I shuddered. That was why each of his victims had been murdered twice. He had been afraid, scared out of his wits. It was no subtle brain behind the crimes. It was only panic-stricken Pinkney Dodge, berserk with terror, striking blindly again and again to make sure his victims were dead.

He licked his lips as if they were very dry. “But the danger didn’t die with Reid. He left some notes. Hilda heard him tell the Adair girl so. Only I couldn’t find them. I looked everywhere – in your old suite, in the room he occupied. I couldn’t find them. But Lottie Mosby knew where Reid hid the notes. That was what she was after when she ran away from the police. She meant to give them the notes and let me hang for it. So I had to kill her too.”

He gave me a pathetic look. “After that, everyone’s hand was against me, even Hilda’s. She thought she could betray me to the police without my knowing. But I am going deaf and I can’t afford to on my job, so I’ve studied lip reading. I read every word Hilda said to you this morning. It’s funny she was afraid of me when I loved her so. She would have betrayed me. I had to kill her. There was nothing else to do. But the Adair girl will hang for it.”

“You fiend!” I gasped.

“I have to save myself! I have to!” he cried hysterically. “I couldn’t stand to die on the gallows! I tell you, I couldn’t stand it! I’ve seen nothing else for a week except the black hood settling over my face.”
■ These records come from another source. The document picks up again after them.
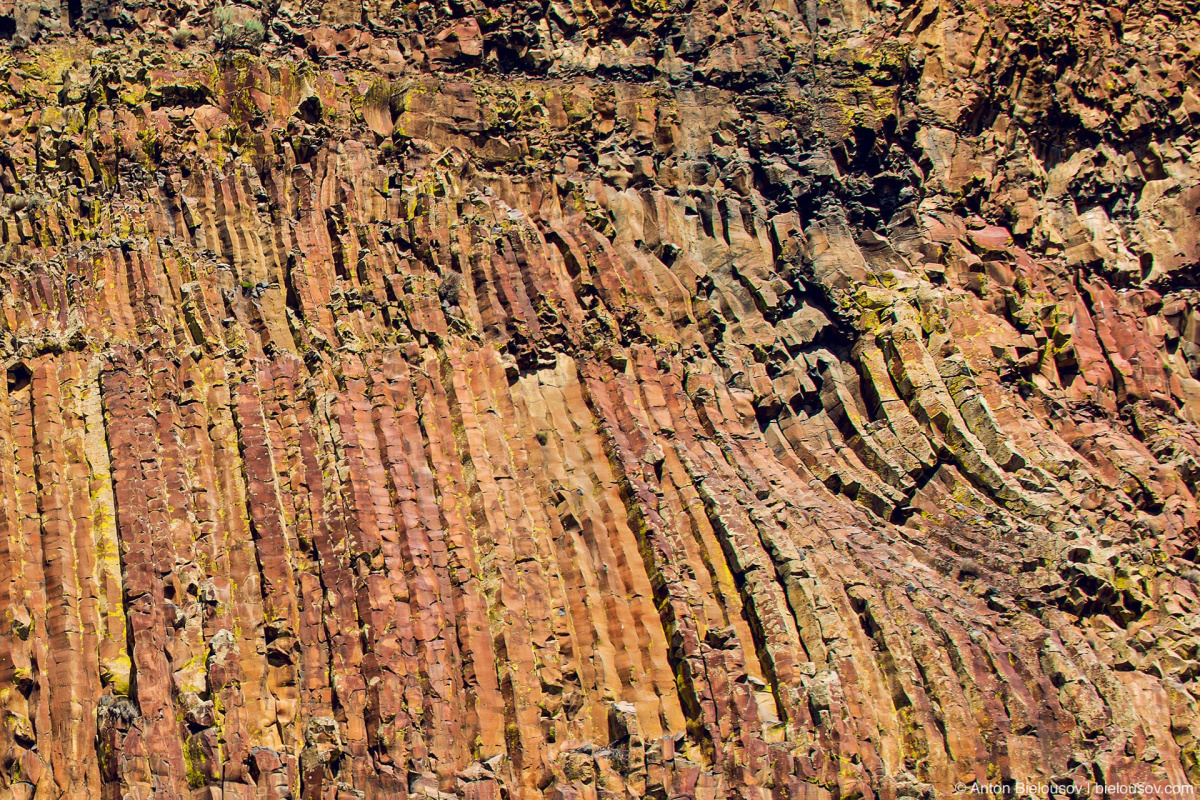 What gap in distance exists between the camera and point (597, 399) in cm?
3394

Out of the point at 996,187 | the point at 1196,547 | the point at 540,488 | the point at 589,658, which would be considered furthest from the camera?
the point at 996,187

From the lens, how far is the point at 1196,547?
3697 cm

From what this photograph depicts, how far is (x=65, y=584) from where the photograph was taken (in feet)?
87.4

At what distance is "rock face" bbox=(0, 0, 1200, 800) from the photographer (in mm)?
27234

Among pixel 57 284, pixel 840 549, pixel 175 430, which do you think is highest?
pixel 57 284

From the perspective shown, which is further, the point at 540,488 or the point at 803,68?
the point at 803,68

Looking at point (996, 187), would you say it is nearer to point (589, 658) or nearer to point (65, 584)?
point (589, 658)

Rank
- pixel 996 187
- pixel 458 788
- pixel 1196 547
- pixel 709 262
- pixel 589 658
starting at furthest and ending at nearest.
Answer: pixel 996 187 < pixel 709 262 < pixel 1196 547 < pixel 589 658 < pixel 458 788

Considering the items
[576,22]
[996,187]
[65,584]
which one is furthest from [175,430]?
[996,187]

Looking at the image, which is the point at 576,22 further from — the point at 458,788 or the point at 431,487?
the point at 458,788

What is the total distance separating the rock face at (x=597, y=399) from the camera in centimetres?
2723

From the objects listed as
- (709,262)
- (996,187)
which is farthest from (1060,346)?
(709,262)

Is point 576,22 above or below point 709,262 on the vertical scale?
above

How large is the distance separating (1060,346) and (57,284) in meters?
26.7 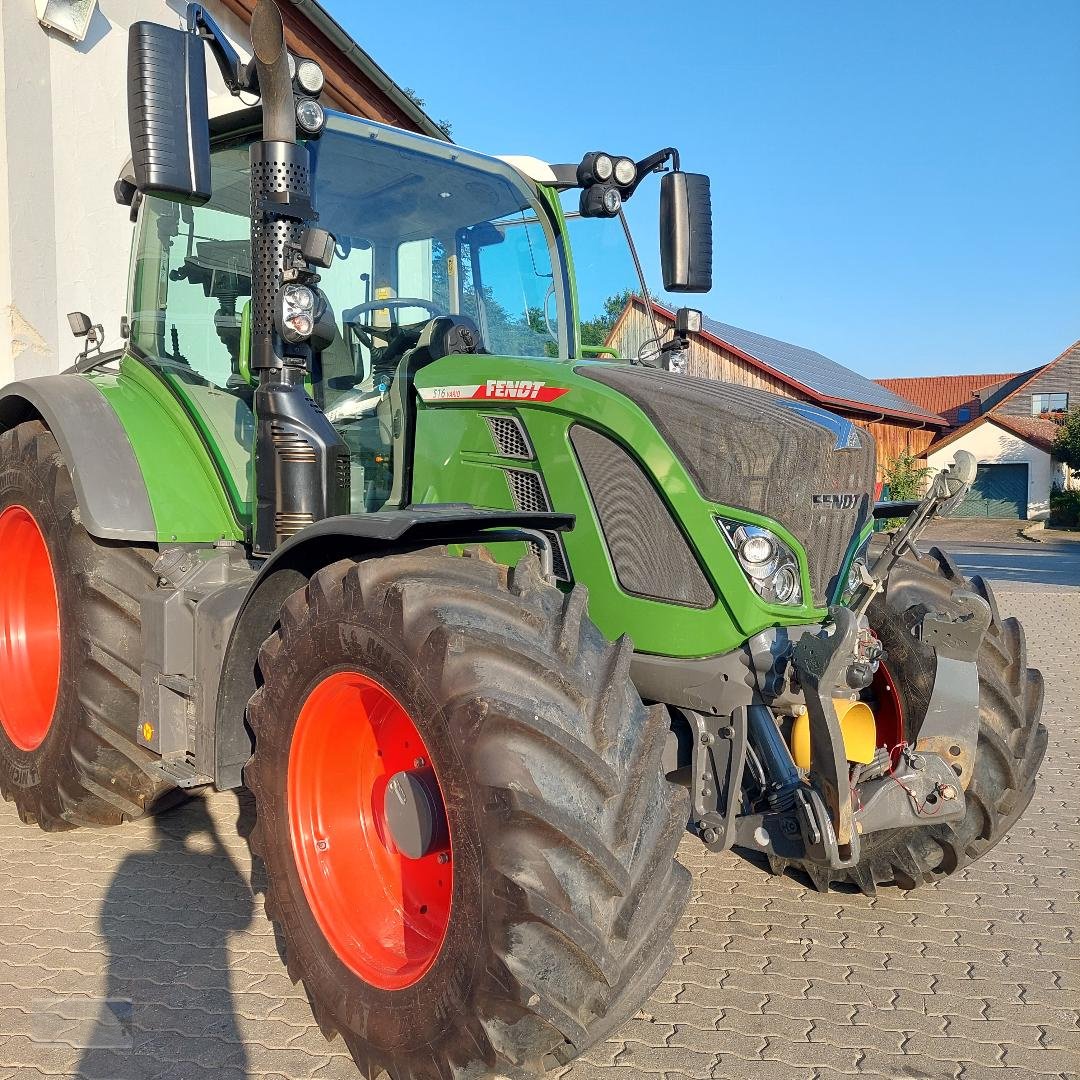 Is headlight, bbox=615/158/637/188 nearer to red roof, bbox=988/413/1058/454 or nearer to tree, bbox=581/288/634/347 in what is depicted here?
tree, bbox=581/288/634/347

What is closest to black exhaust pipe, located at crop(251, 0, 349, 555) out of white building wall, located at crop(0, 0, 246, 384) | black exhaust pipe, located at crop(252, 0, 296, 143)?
black exhaust pipe, located at crop(252, 0, 296, 143)

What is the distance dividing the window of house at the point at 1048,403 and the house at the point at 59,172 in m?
40.7

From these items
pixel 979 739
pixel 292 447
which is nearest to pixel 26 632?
pixel 292 447

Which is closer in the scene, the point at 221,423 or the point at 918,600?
the point at 918,600

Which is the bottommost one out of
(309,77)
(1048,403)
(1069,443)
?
(1069,443)

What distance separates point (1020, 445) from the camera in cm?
3681

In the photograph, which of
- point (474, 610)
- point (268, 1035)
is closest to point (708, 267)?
point (474, 610)

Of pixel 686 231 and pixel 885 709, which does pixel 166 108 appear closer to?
pixel 686 231

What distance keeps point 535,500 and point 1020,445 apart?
1484 inches

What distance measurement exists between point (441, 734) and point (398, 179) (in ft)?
7.14

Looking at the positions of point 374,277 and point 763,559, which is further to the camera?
point 374,277

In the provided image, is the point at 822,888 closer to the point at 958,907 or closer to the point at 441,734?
the point at 958,907

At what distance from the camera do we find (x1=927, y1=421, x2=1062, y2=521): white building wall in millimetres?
36219

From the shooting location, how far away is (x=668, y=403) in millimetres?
2850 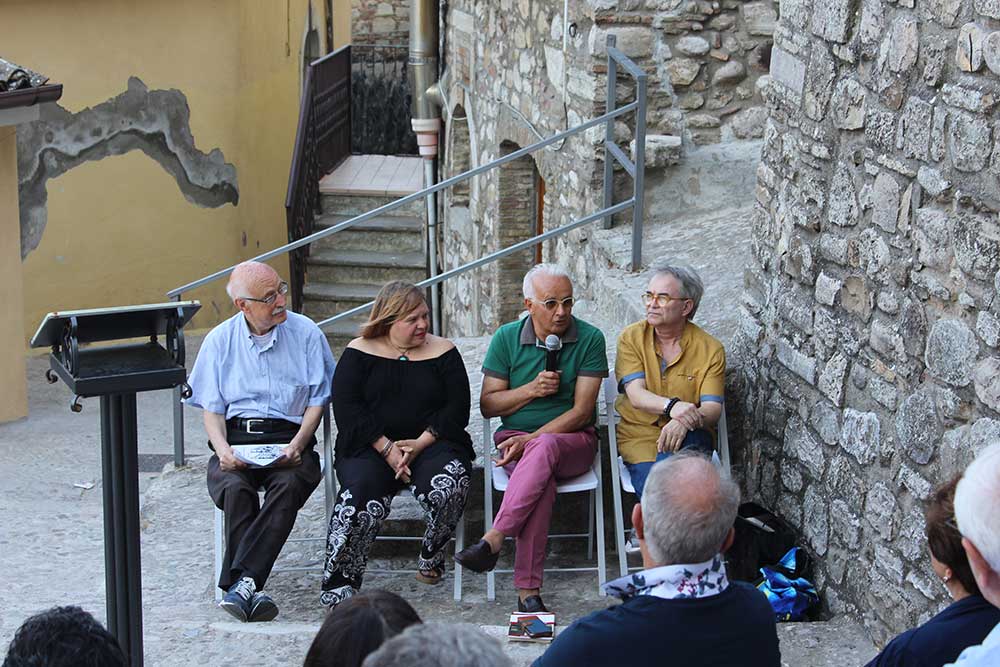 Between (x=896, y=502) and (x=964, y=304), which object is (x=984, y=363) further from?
(x=896, y=502)

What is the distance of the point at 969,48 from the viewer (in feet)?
11.3

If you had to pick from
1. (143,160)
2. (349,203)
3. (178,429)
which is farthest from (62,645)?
(349,203)

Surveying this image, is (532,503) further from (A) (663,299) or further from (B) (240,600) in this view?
(B) (240,600)

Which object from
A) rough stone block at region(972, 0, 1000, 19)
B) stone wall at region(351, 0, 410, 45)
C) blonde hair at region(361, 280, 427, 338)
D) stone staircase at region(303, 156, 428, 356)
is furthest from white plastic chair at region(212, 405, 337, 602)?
stone wall at region(351, 0, 410, 45)

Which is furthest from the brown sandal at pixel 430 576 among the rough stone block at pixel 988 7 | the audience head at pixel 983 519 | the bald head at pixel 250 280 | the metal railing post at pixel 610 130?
the audience head at pixel 983 519

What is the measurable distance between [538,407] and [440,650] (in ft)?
9.40

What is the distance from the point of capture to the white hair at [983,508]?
7.38 ft

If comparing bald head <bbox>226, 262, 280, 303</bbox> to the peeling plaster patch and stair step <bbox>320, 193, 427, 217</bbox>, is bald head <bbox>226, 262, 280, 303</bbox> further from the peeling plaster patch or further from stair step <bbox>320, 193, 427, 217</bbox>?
stair step <bbox>320, 193, 427, 217</bbox>

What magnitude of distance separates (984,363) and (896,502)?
648mm

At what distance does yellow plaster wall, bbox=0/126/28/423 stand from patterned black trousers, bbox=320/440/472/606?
4.26 metres

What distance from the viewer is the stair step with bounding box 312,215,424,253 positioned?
41.4 feet

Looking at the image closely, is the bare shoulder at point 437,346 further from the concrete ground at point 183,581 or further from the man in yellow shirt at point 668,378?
the concrete ground at point 183,581

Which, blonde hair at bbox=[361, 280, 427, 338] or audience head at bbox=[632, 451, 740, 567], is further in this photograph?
blonde hair at bbox=[361, 280, 427, 338]

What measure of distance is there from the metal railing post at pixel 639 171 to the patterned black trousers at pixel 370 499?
6.55 ft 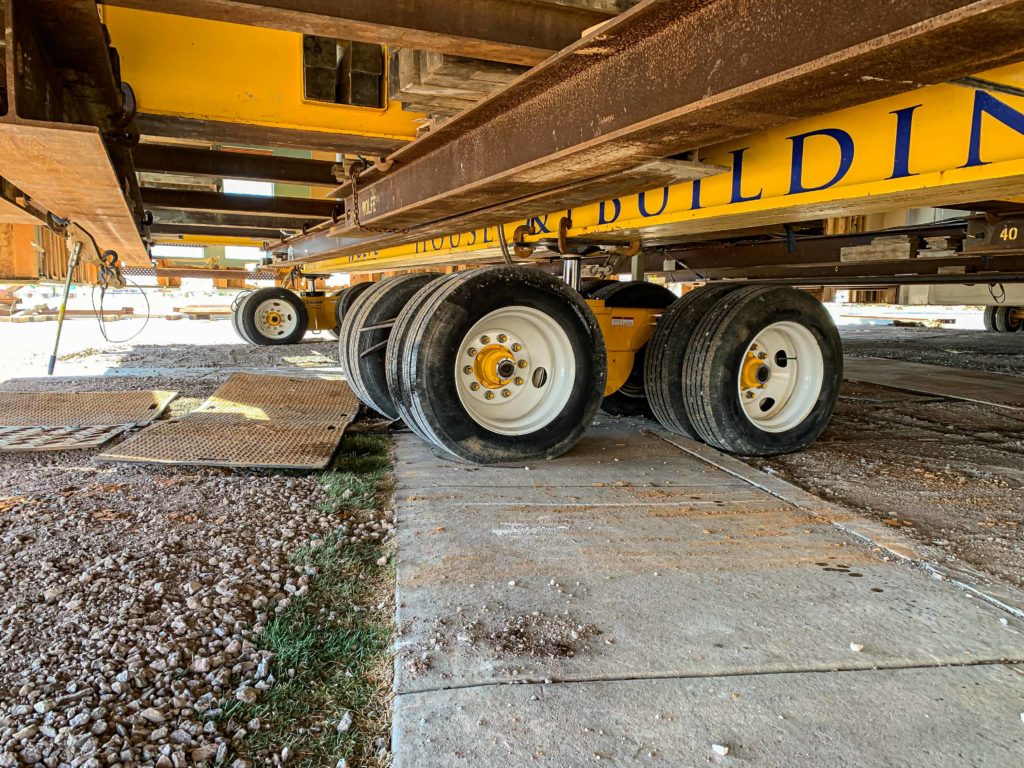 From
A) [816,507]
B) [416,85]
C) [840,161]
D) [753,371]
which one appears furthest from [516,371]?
[840,161]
He was trembling and drops of sweat stood out on his long upper lip, but he gave me a reproachful look. “I didn’t want to kill you, Miss Adelaide. Only you will meddle in things which don’t concern you; first this afternoon and now tonight. I can’t have you babbling to Stephen Lansing about Morse codes.”

“The waitress Annie,” I faltered, “she’s somewhere above me?”

“In the attic,” he said.

I had known but forgotten that there is an attic of sorts at the Richelieu, no higher than the head of the average child and unfinished. Unlike more modern buildings, the hotel does not have a penthouse. The elevator swings from the roof. If it gets out of adjustment, the mechanics have only two choices. They can get at the machinery through an open space behind the shaft in the basement or work on it from above in the attic. More significant still, I recollected that the only entrance to the attic is by a trap door in the tiny room on the fifth floor which Pinkney Dodge had occupied for years. The trap door was kept locked, but that was no protection against Pinkney, who as night clerk possessed a pass-key to every lock in the house. No wonder bolts had come to mean nothing at the Richelieu.

“She’s in the attic!” I gasped.

“I’ve arranged to ship her to New Orleans late tonight by truck,” he said. “Along with Cyril’s body.”

“His body!” I quavered.

He nodded. “Cyril lost his head this afternoon and attacked me. He believed I was planning to kill Sophie. I had to cut his throat. It was his bloodstains I was washing up when you all but walked into me in the basement.”

Poor Sophie, I thought. But she was right and I had been wrong about Cyril Fancher. He had loved her. He had loved her enough to give his life for her.

“Where is he now?” I faltered.

“Tied to the top of the elevator.”

I knew then what I had got on my sleeve that night which resembled rust. It was not rust; it was Cyril’s life blood. But not till later did I know it was that which first set Stephen Lansing on Pinkney’s trail, that and Stephen’s stubborn refusal to believe in Kathleen’s guilt. He warned the police that Pinkney Dodge was back of everything. They laughed in his face. They said the idea was preposterous. Fortunately for me, Stephen did not think the idea preposterous.